Fr, 29. Dezember 2017

Rheinfelden

Rund 150 Jugendliche aus ganz Europa, die das große Treffen in Basel besuchen, sind in der Stadt untergebracht und feiern in Herten.

RHEINFELDEN. In den nächsten Tagen werden die Busse und Bahnen voller sein, als üblich. Der Grund: In Rheinfelden sind seit Donnerstag rund 150 junge Menschen aus ganz Europa zu Gast, um am Taizé-Treffen in Basel teilzunehmen. Bei Gemeindereferentin Katharina Oberfell und Pastoralreferent Kassian Burster laufen die Fäden zusammen, und beide sind gespannt, was die kommenden Tage bringen werden – und was vom "Taizé-Feeling" übrig bleibt.

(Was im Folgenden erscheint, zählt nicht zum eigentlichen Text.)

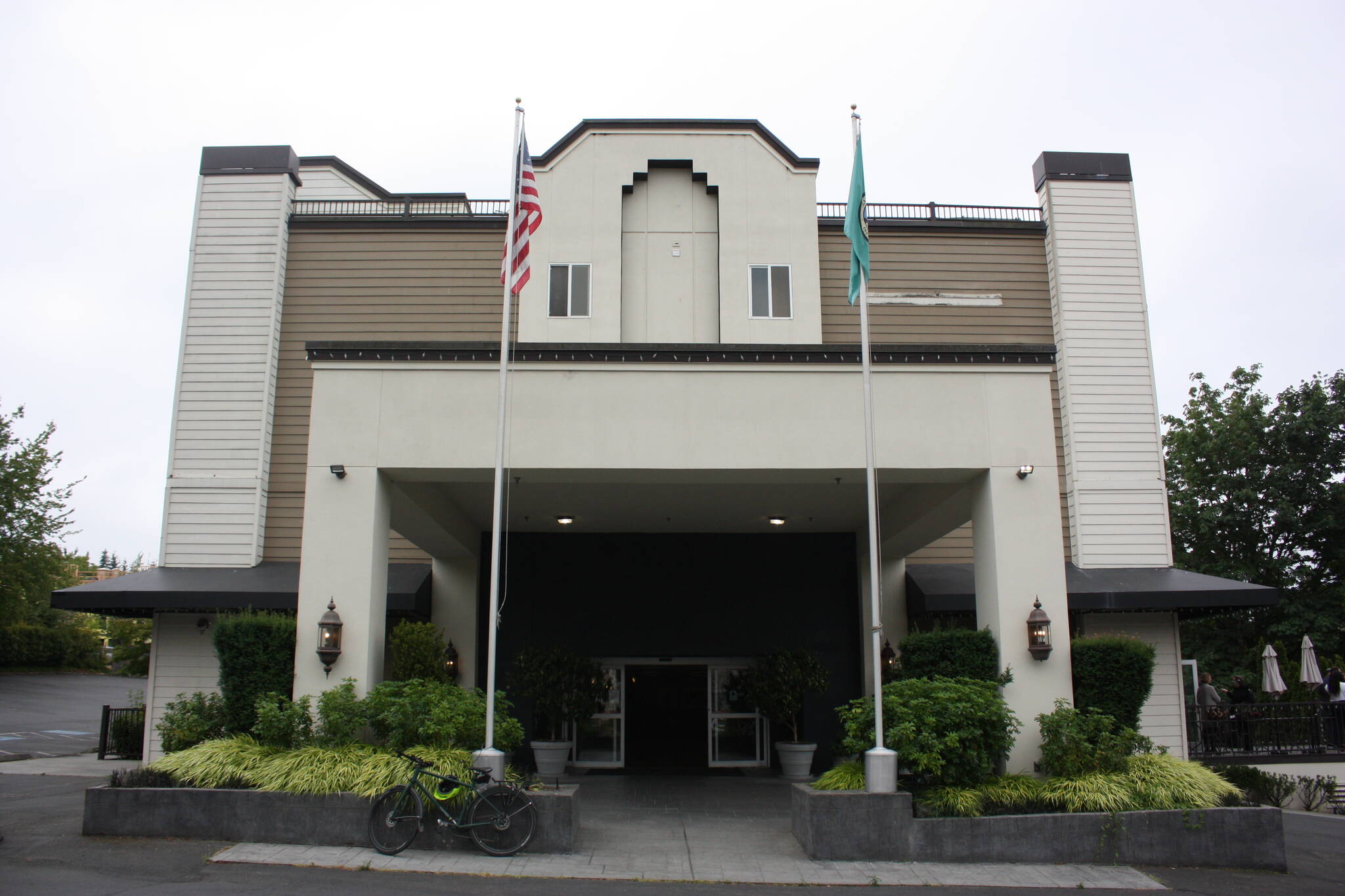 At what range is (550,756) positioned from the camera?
52.7 feet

Noch stehen die Stühle ordentlich in Reihen in der Josefkirche in Herten. Bis Donnerstagmorgen aber werden die meisten von ihnen weg sein. "Wir wollen für ein typisches Taizé-Feeling sorgen", sagt Oberfell. Was das heißt, wissen sie und Burster aus eigener Erfahrung, beide waren schon in dem französischen Dorf, um den Orden zu besuchen. Für die Gebete sitzen oder knien die Teilnehmer auf dem Boden, Burster hat extra Matten, Sitzkissen und Gebetshocker besorgt.

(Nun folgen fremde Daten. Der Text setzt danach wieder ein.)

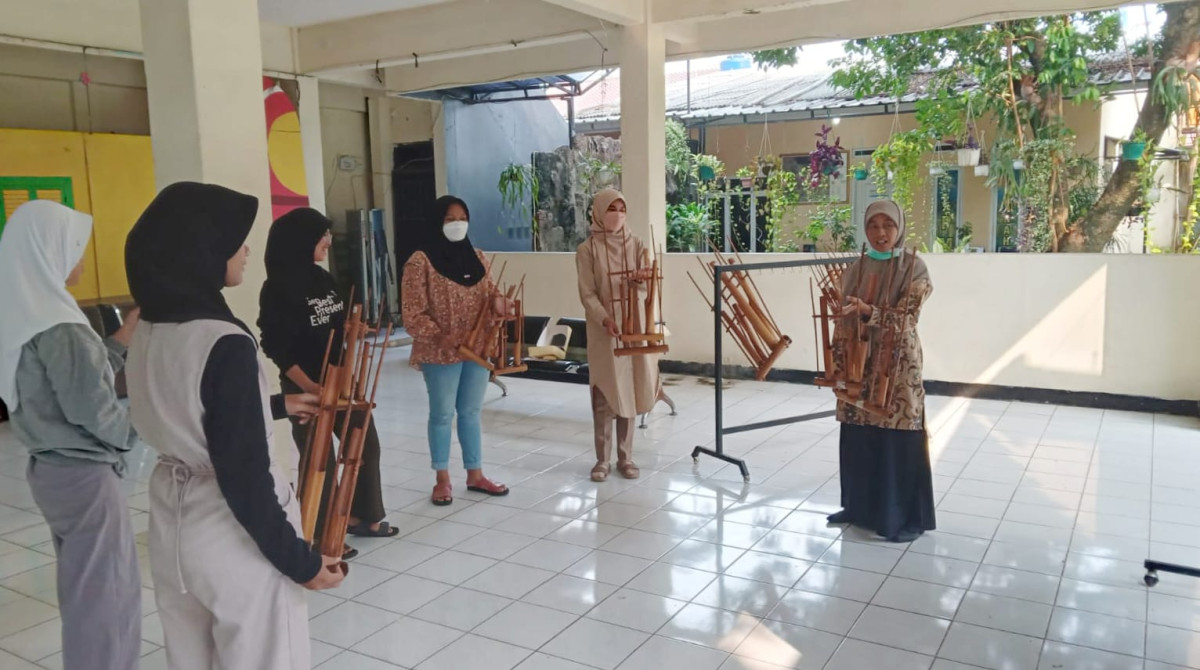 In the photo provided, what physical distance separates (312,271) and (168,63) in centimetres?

"Taizé hat keinen Kerkeling."

Kassian Burster
Mit orangenen Stoffbahnen und Kerzen wollen sie noch mehr Atmosphäre schaffen. Verlangt hat das keiner von ihnen. "Wir möchten natürlich, dass sich die Besucher bei uns wohlfühlen", sagt Oberfell, die vor gut zehn Jahren selbst an einem Taizé-Treffen in Genf teilgenommen hat. Dieses Jahr ist nun Basel Treffpunkt, bis zum Neujahrstag werden rund 16 000 junge Menschen verschiedener Nationalitäten im Großraum Basel untergebracht sein. In Rheinfelden haben Oberfell und Burster Schlafplätze für 150 junge Polen, Rumänen, Portugiesen und Italiener gesucht. Die Gastgeber kommen aus allen Ortsteilen – und Oberfell ist froh, genug gefunden zu haben. "Am Anfang lief die Suche etwas schleppend und wir haben schon mit dem Gedanken gespielt, etwa 30 Besucher in der Halle campieren zu lassen." Nun aber sind alle verteilt, die Hilfsbereitschaft, auch in der St. Josefshaus-Belegschaft, war groß.

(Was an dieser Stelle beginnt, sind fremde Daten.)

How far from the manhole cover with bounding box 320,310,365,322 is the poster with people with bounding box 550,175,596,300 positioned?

"Eine Kollegin kann gleich vier Gäste aufnehmen, weil ihr Sohn gerade aus der Wohnung gezogen ist", sagt Burster. Andere Kollegen, die in Bad Säckingen oder Mühlheim wohnen, haben ebenfalls Herberge angeboten. Genau dieser Gedanke ist für Burster wesentlich und passt für ihn gut in die Weihnachtszeit. "Wir bieten auch Herberge und öffnen unser Heim."

Viel bieten müssen die Gastgeber aber nicht. "Taizé heißt auch, es schlicht zu halten", sagt Burster. "In Taizé campen die meisten Jugendlichen, das typische Frühstück besteht aus einem Stück Brot und einem Schoko-Riegel." Nachdem die Besucher ihre Herberge bezogen haben, findet am Freitag in der Kirche St. Josef das erste gemeinsame Morgengebet statt. Danach werden die Teilnehmer in Gesprächskreisen zu ganz unterschiedlichen Impulsen zusammenfinden, weitere Gebete und ökumenische Gottesdienst sind ebenfalls vorgesehen. Am Sonntag beginnt dann die lange Nacht mit einem Friedensgebet – in der Regel geht das bis über den Jahreswechsel hinaus. "Aber wir wollen nicht streng sein", sagt Burster lachend. Wer mag, könne sich auch um Mitternacht das Feuerwerk anschauen. Danach beginnt das Fest der Nationen, wie es in vielen Gastgebergemeinden gefeiert wird. "Angedacht ist, dass alle Teilnehmer aus ihren Ländern einen Beitrag machen", erklärt Oberfell. Das können Lieder, kleine Sketche oder Gedichte sein. Das Essen steht nicht im Vordergrund, aber es wird ein kleines Finger-Food-Buffet geben. "Auch die Gastfamilien steuern zum Teil etwas bei und kommen, was mich sehr freut", so Oberfell. Das Fest ist nicht öffentlich, an den Gottesdiensten und Gebeten kann aber jeder teilnehmen. Am Neujahrstag endet das Abenteuer Taizé mit einem Gottesdienst und einem Danke-schön-Essen für die Helfer.

Und dann? Was wird bleiben vom Geist des Taizé-Treffens? Burster und Oberfell fänden es schön, wenn sich daraus Impulse für die örtliche Jugend ergeben. Denn obwohl sogar ein Hertener dem Taizé-Odern angehört, kennen ihn nicht viele Jugendliche – im Gegensatz zu Santiago de Compostela. Damit können, spätestens seit Entertainer Harpe Kerkeling über seine Erfahrungen auf dem Jakobsweg geschrieben hat, viele etwas anfangen. "Taizé hat eben keinen Kerkeling", sagt Burster und schmunzelt.